___ Dataset extract ___

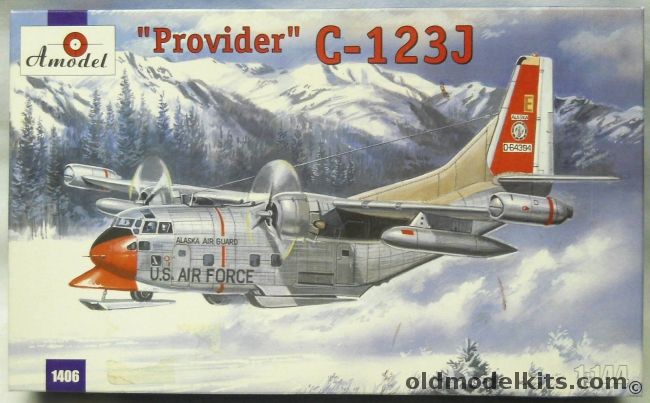 Amodel 1/144 C-123J Provider - With Landing Gear or Skis - Alaskan Air National Guard 1970, 1406 plastic model kit
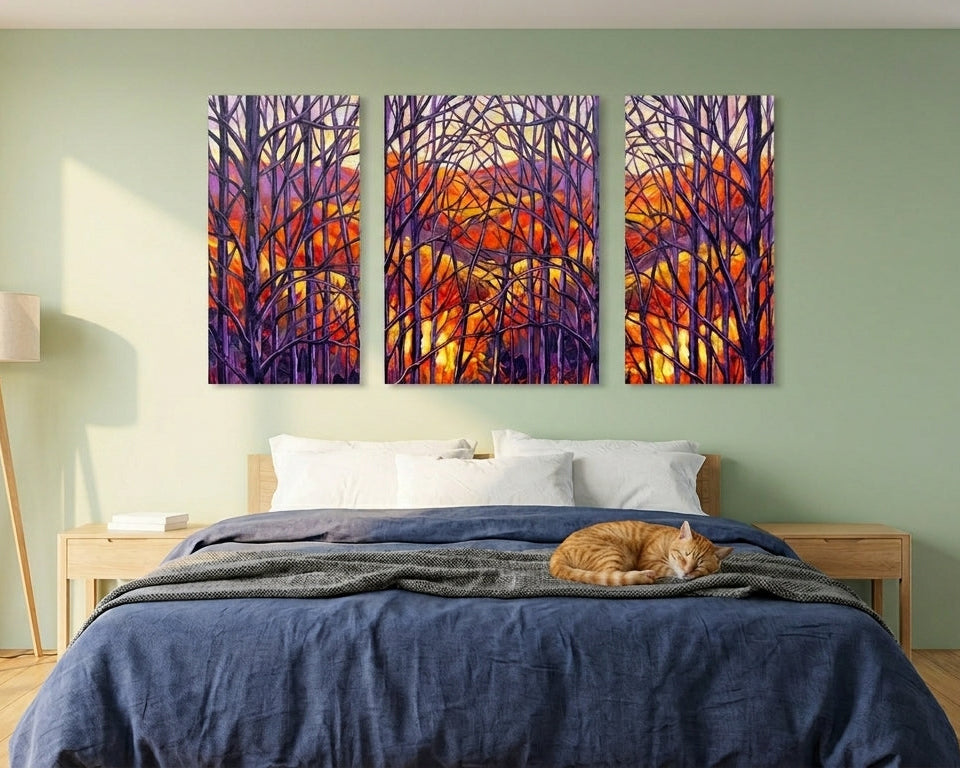 A Large 3 sectional Landscape art piece hangs over a bed in a bright airy bedroom setting.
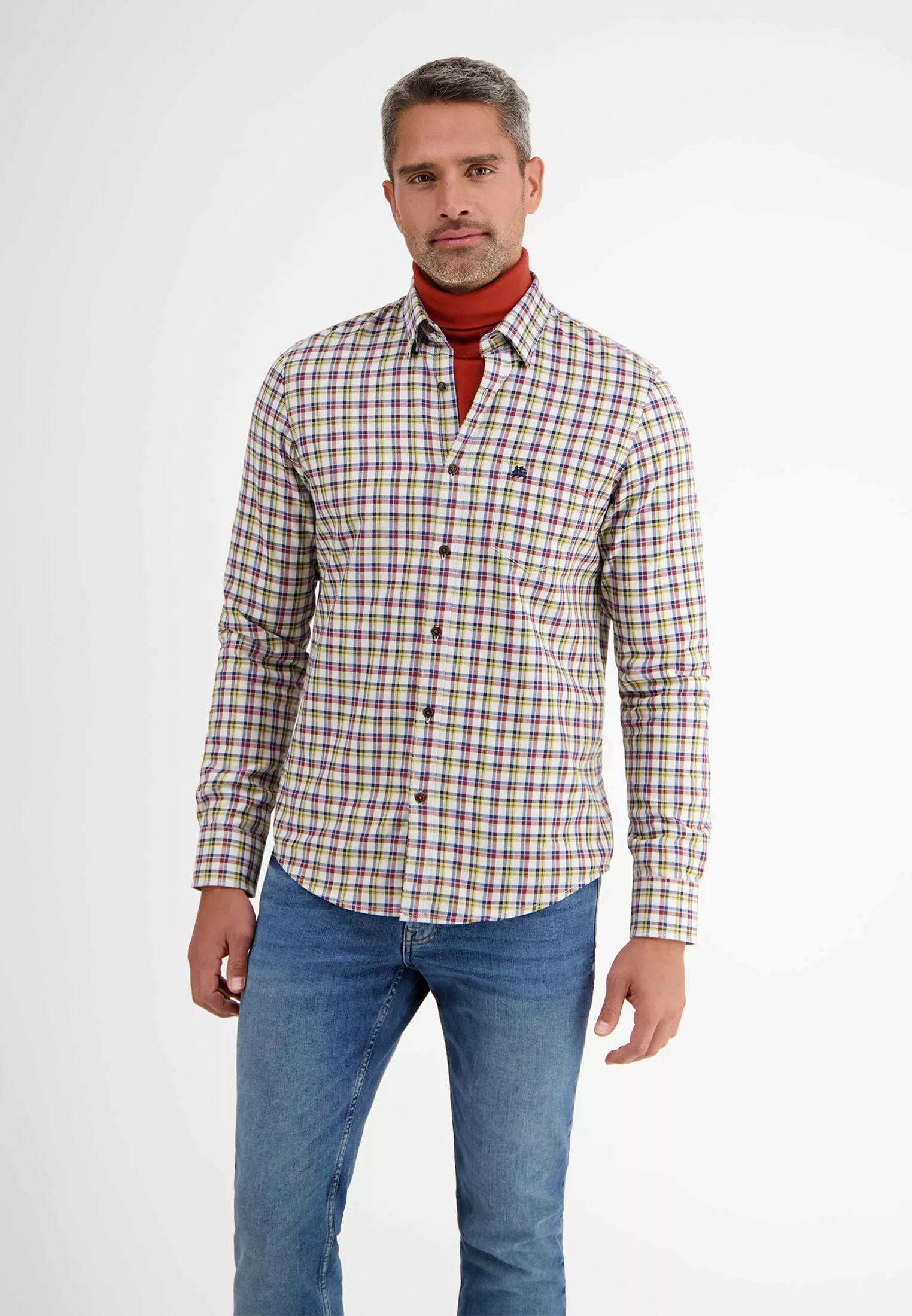 LERROS Langarmhemd "LERROS Langarmhemd mit Herringbone-Karo" günstig online kaufen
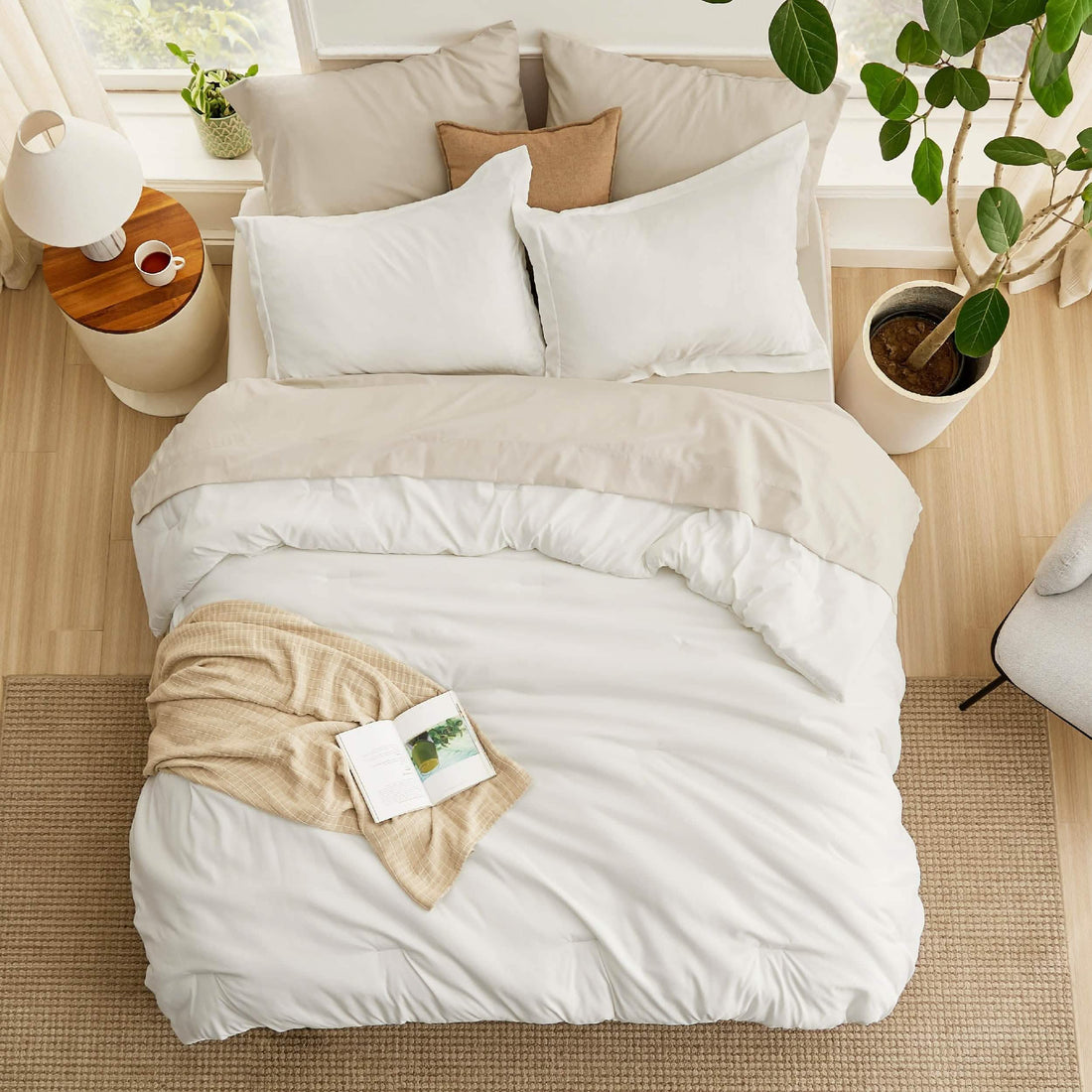 GentleSoft Dual-Tone Bed-in-a-Bag set with white comforter and khaki sheets styled on a bed.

___

▶ [Aim of the exercise]: Leaving each image aside, repeat the listing above exactly.

▶ [Worked solution]:
 Amodel 1/144 C-123J Provider - With Landing Gear or Skis - Alaskan Air National Guard 1970, 1406 plastic model kit
 A Large 3 sectional Landscape art piece hangs over a bed in a bright airy bedroom setting.
 LERROS Langarmhemd "LERROS Langarmhemd mit Herringbone-Karo" günstig online kaufen
 GentleSoft Dual-Tone Bed-in-a-Bag set with white comforter and khaki sheets styled on a bed.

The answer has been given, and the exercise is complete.